Hace ya muchos años, en la Feria abril de Sevilla, pasé ante un breve kiosko de libros, consistente en una mesa plegable, y tras la cual se hallaban dos hombres abstraídos e inmóviles, que parecían mirar, que parecían hallarse en otra parte. En un principio no los conocí. Pero unos metros más adelante recordé sus caras, acaso recordé sus nombres, recordé sin duda qué los había traído desde tan lejos a esta orilla del mundo. Uno, el más alto, con camisa estampada y gafas de sol, era Fernando García, el padre de una de las niñas de Alcàsser. El otro, más delgado, más nervioso, era el periodista Juan Ignacio Blanco, del que ayer conocíamos su muerte (también la del gran Arturo Fernández, irónico caballero astur. Que la tierra le sea leve).

Quiero decir que hay hombres que sucumben al Mal, a su espejismo, a su profundo y definitivo escalofrío, y ya no saben apartar la mirada de esa oscuridad que los reclama. No hace mucho, el señor Blanco aún mantenía que obraban en su poder algunas cintas en las que importantes personajes de España aparecían involucrados en aquellos crímenes. Esto no es, sin embargo, ninguna anomalía. Ante lo abominable, ante lo monstruoso y gratuito, el hombre tiende a explicarlo mediante fuerzas superiores y arcanas. Lo hemos visto hasta la extenuación, hasta la caricatura (¡pobre inspector Abberline!), en la legión de investigadores que persiguió el fantasma de Jack the Ripper hasta las puertas mismas de Westminster. Lo hemos visto, más recientemente, en la obsesiva requisa de James Ellroy, buscando el rastro de la blancura ajada de la Dalia Negra, como antes buscó -infructuosamente- la sombra de su madre muerta. Coleridge, en el año doce del siglo XIX, subrayaba el tremendo poder que se haya a disposición de un hombre sin miedo y sin conciencia. Y esto lo decía a cuenta de John Williams, un asesino mucho menos misterioso, mucho menos "puro" que el Destripador, y que sin embargo llevo a De Quincey a escribir su Del asesinato considerado como una de las bellas artes.

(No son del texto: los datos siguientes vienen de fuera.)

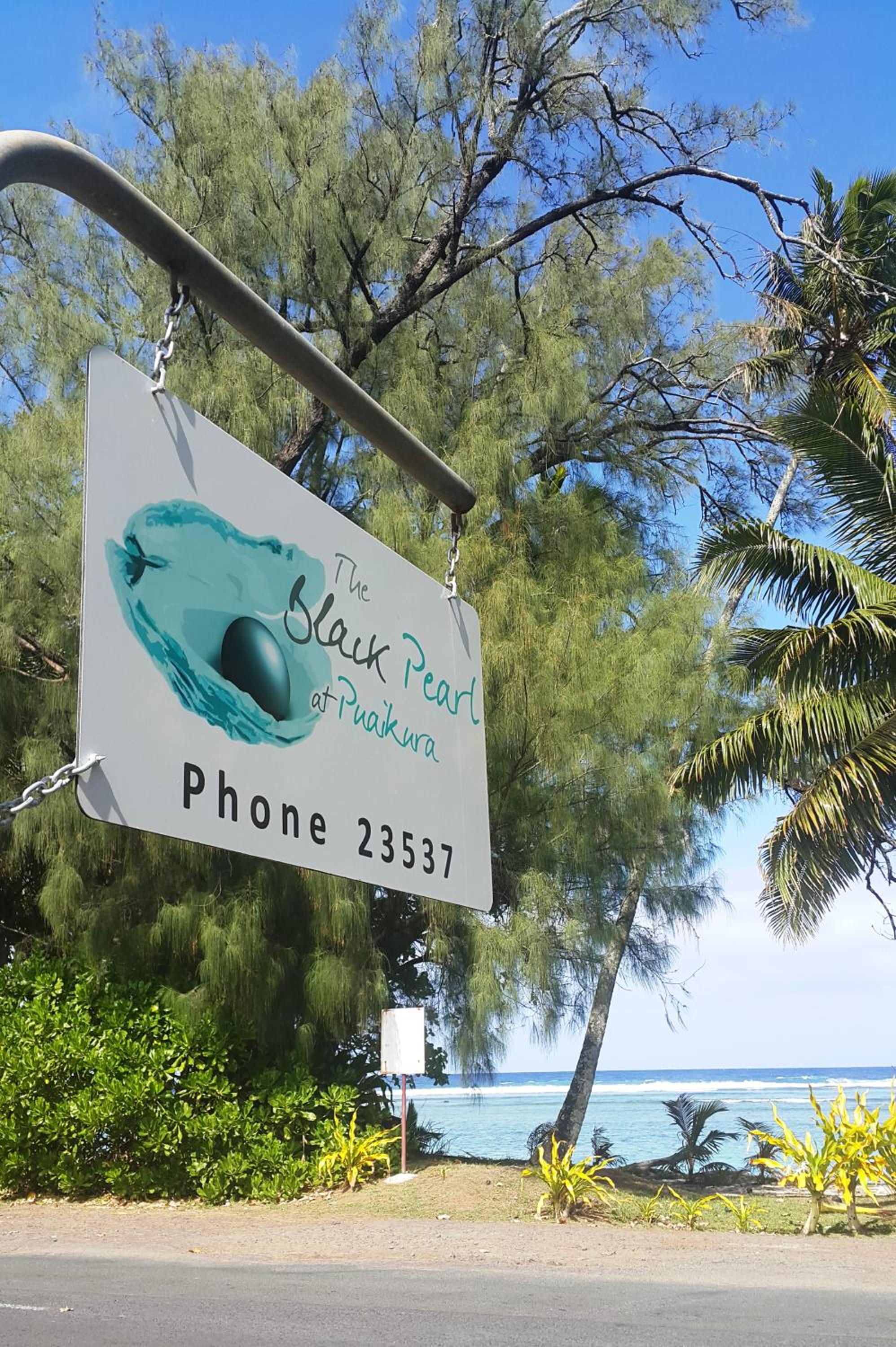 The Black Pearl Beachside Apartments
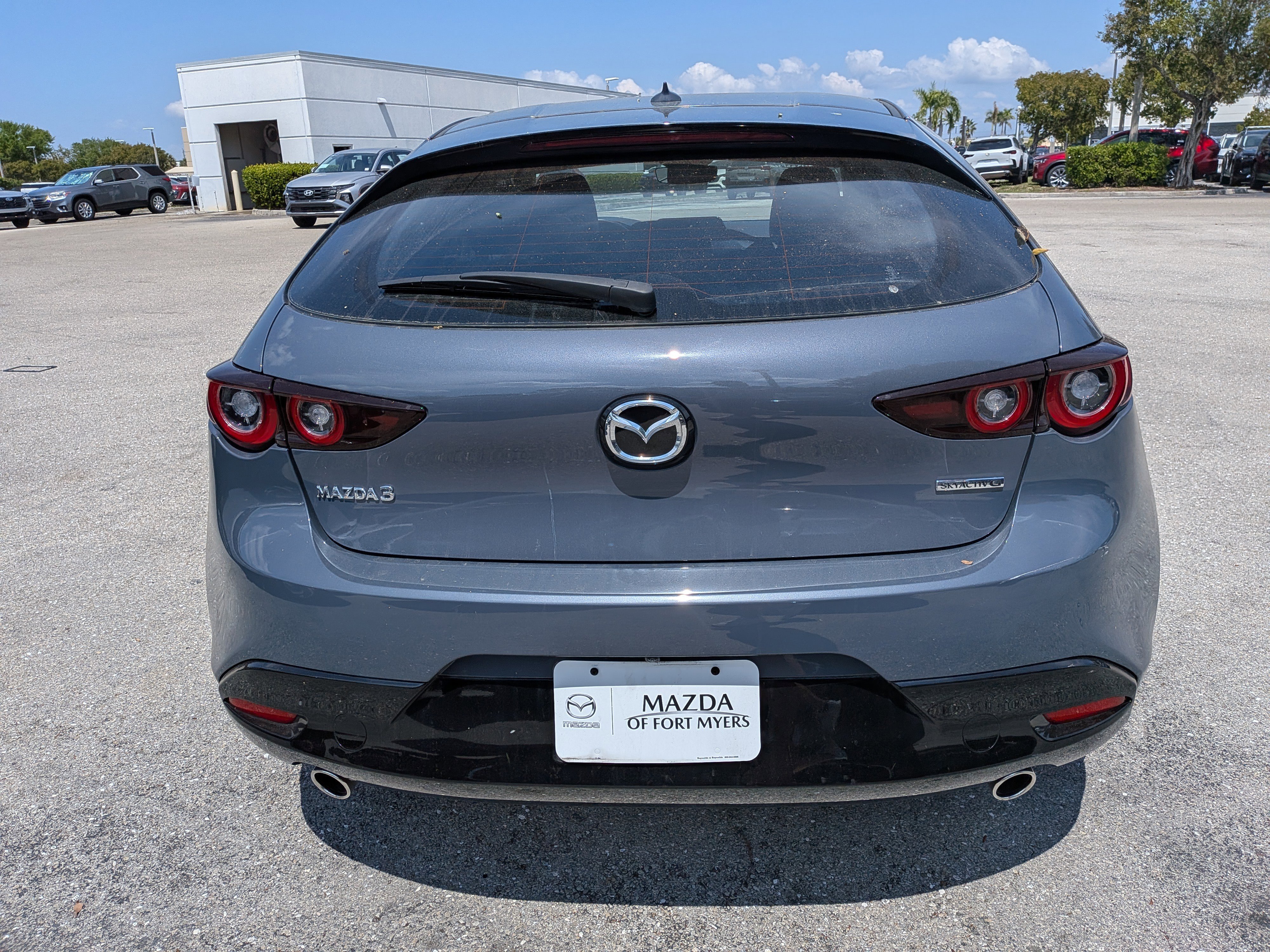 Used 2025 MAZDA MAZDA3 2.5 S Hatchback w/ Premium Pkg image 5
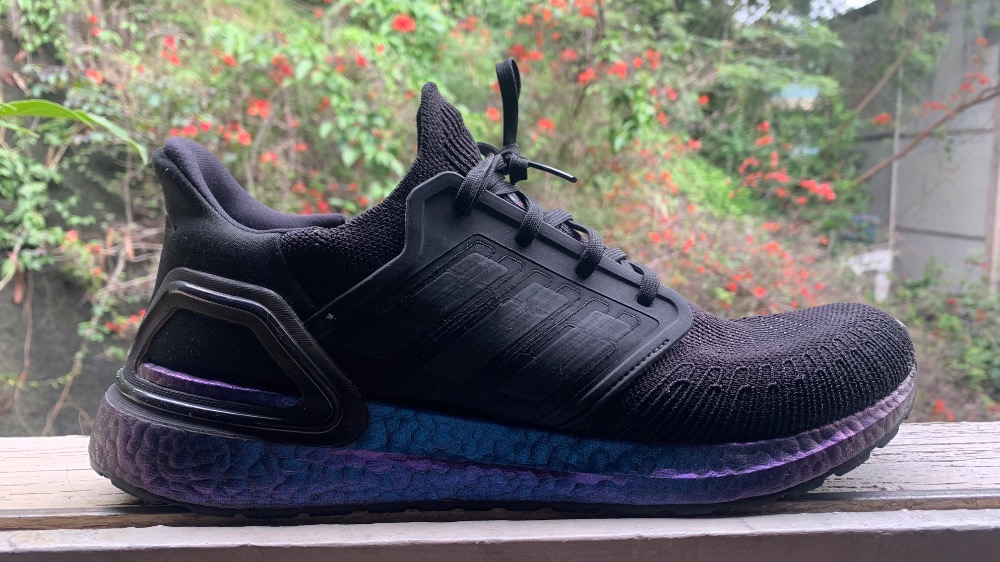 NASA x adidas Ultraboost DNA Halo Silver — 43 / 43.5 / 44 / 44.5 / 45, Usado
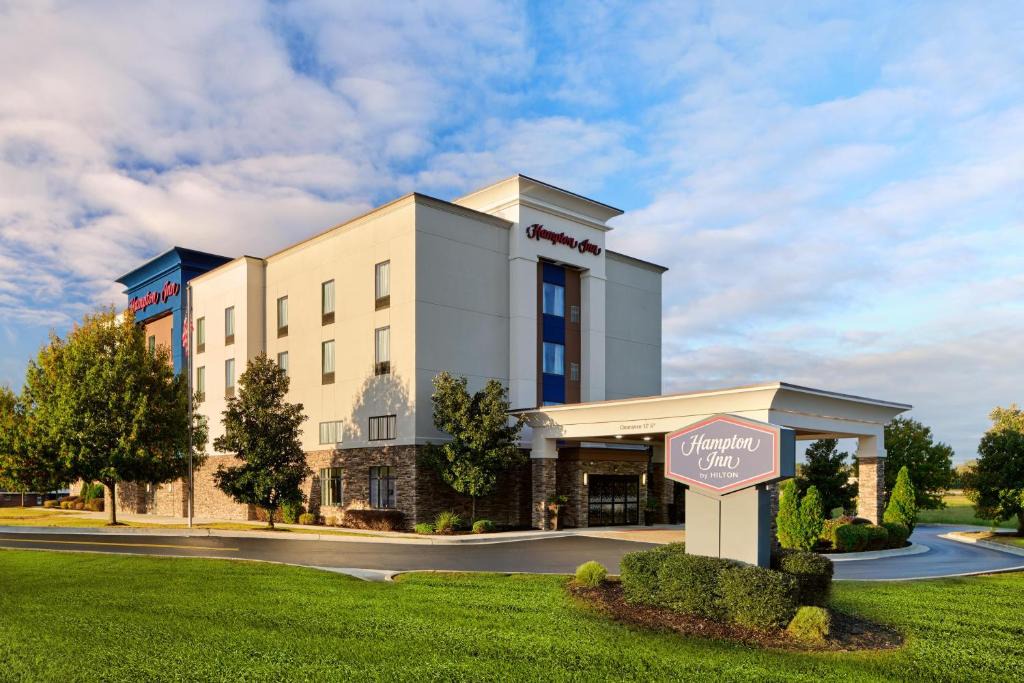 Waynesboro Hotel | Hampton Inn Waynesboro
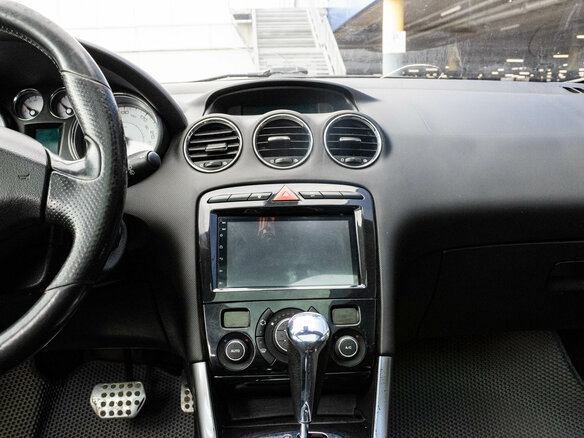 2011 Peugeot 308 I Рестайлинг, белый, 460000 рублей - вид 6
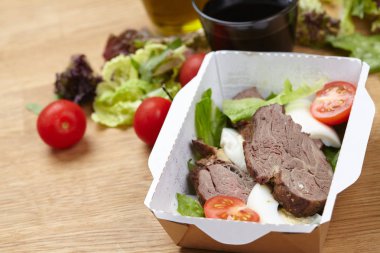 sağlıklı yiyecek yumurta haşlanmış et ve taze sebze otlar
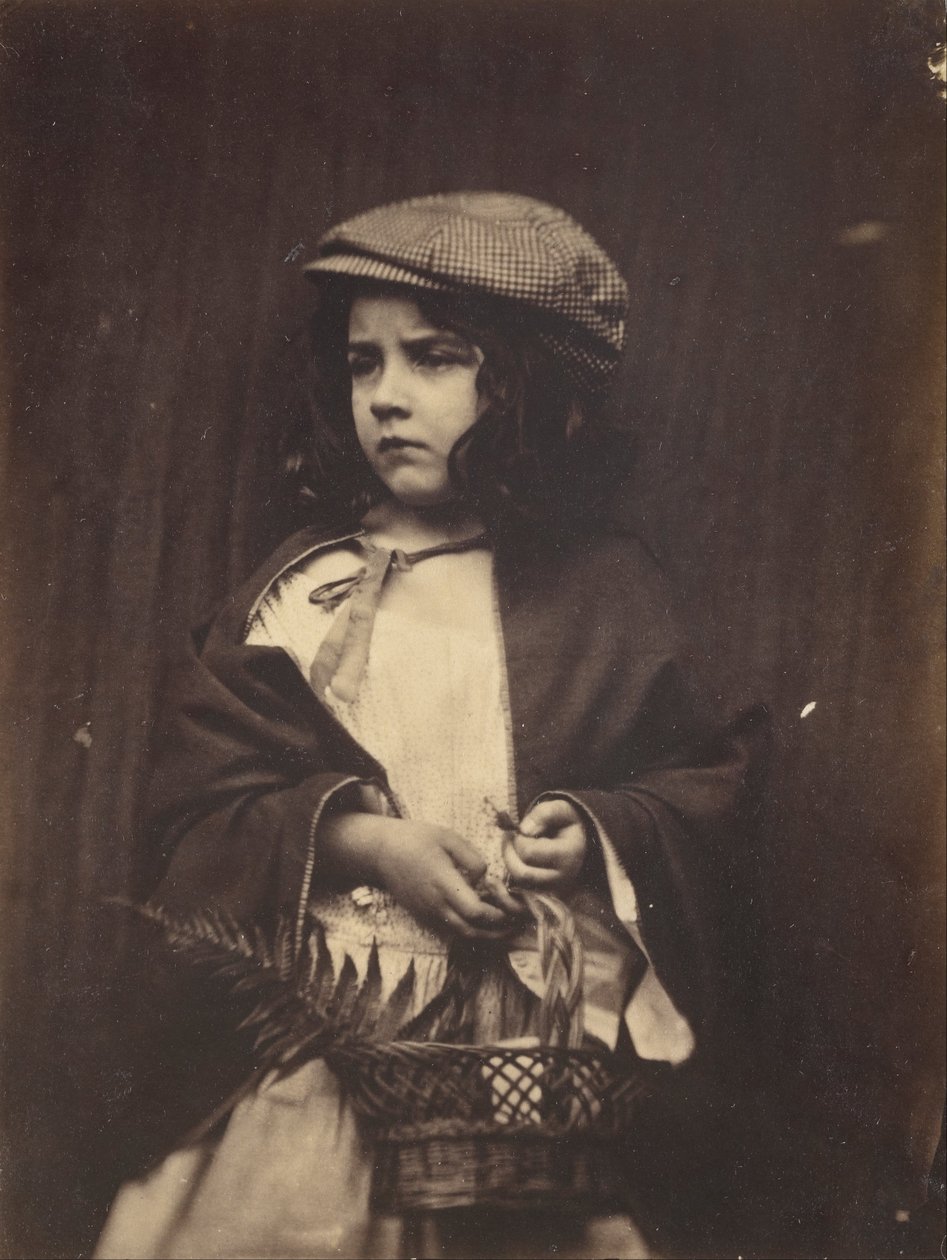 (Ung flicka håller en korg) av Lewis Carroll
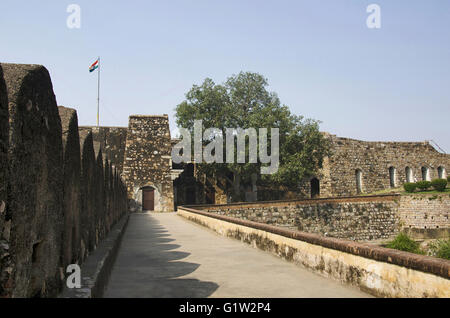 Tiranga (Indiano tricolore) e vista interna di Fort Jhansi Jhansi (ka Kila), Jhansi, Uttar Pradesh, India Foto Stock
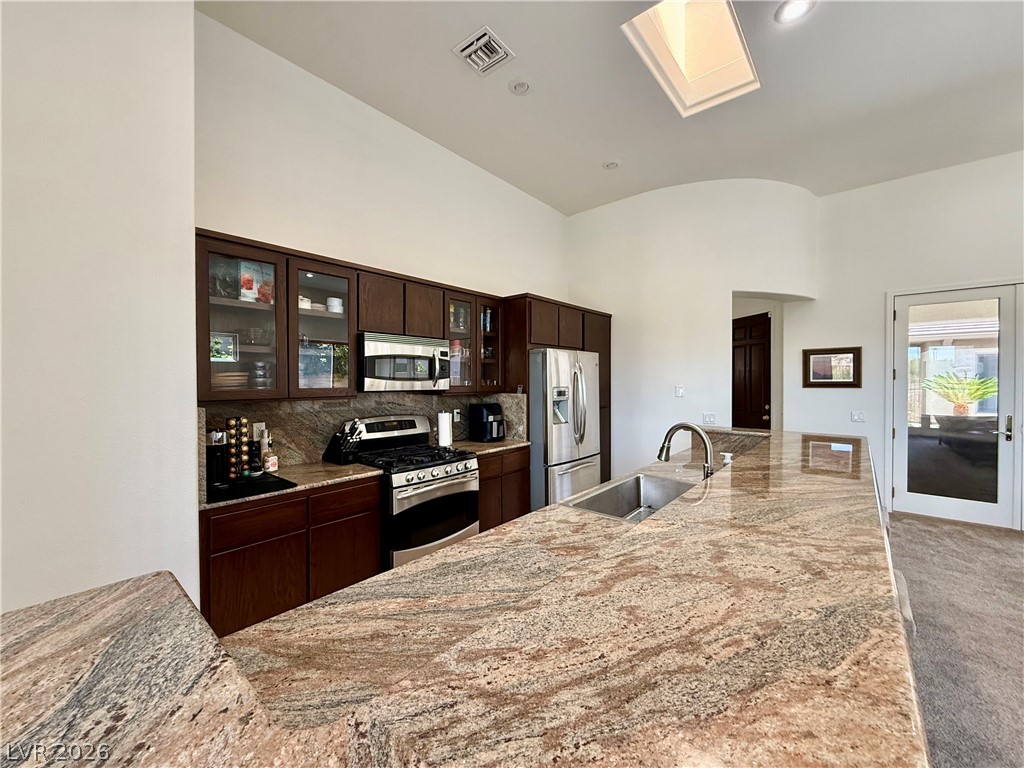 Photo 4 of 29 Braelinn Drive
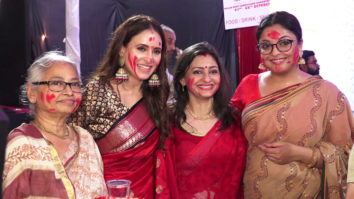 Tanushree Dutta, Deepshika and Ishita Ganguly Playing Sindur Holi at Durga Pandal Malad | Part 2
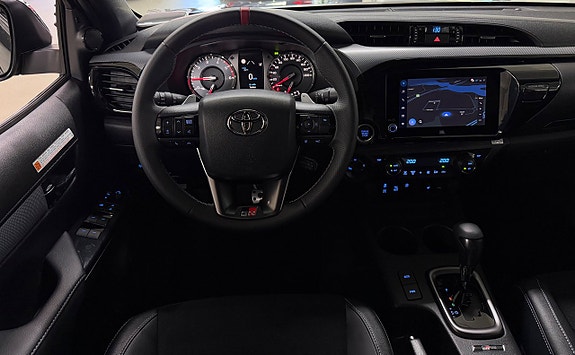 Toyota HiLux 15 of 29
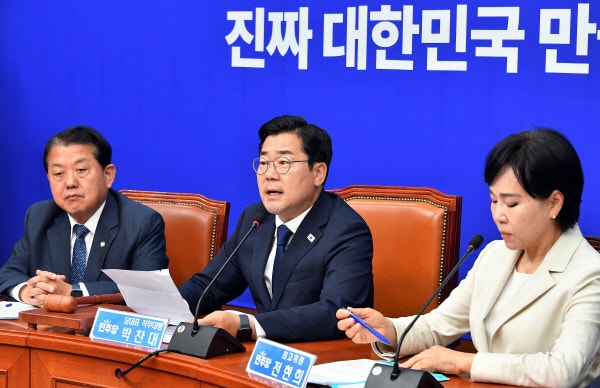 與 당 대표 선거, <b>박찬대</b> vs 정청래 '찐명' 대결 유력
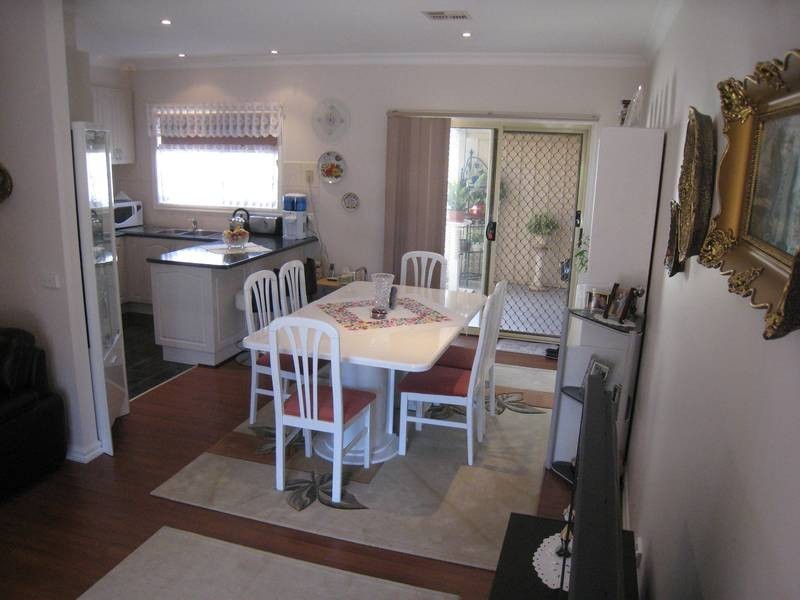 2/21 Rebecca Street, Doveton VIC 3177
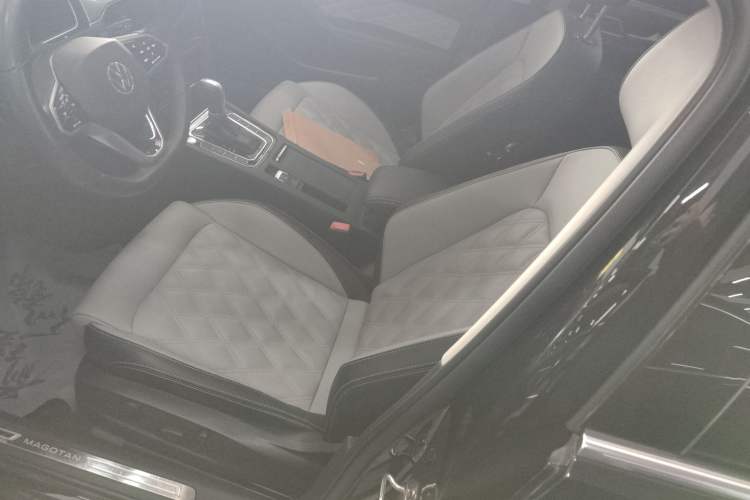 Used Volkswagen Magotan 2023 2 Million Units Limited Edition 330TSI DSG Leading Version Interior 2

Fue, sin duda, el Mal, el Mal sin la intermediación del lucro, sin la máscara de las pasiones humanas, el que se abrió aquella noche sobre la oscuridad de Alcàsser. Y es ese mismo Mal, probablemente, el que ejerció su tiranía hipnótica, su absorbente ministerio, sobre las indagaciones del periodista Blanco. Descanse en paz. No nos es dado aventurar, en ningún caso, qué sima de dolor, qué monstruosa nada, giraba tras el rostro inmóvil de su acompañante, el señor García.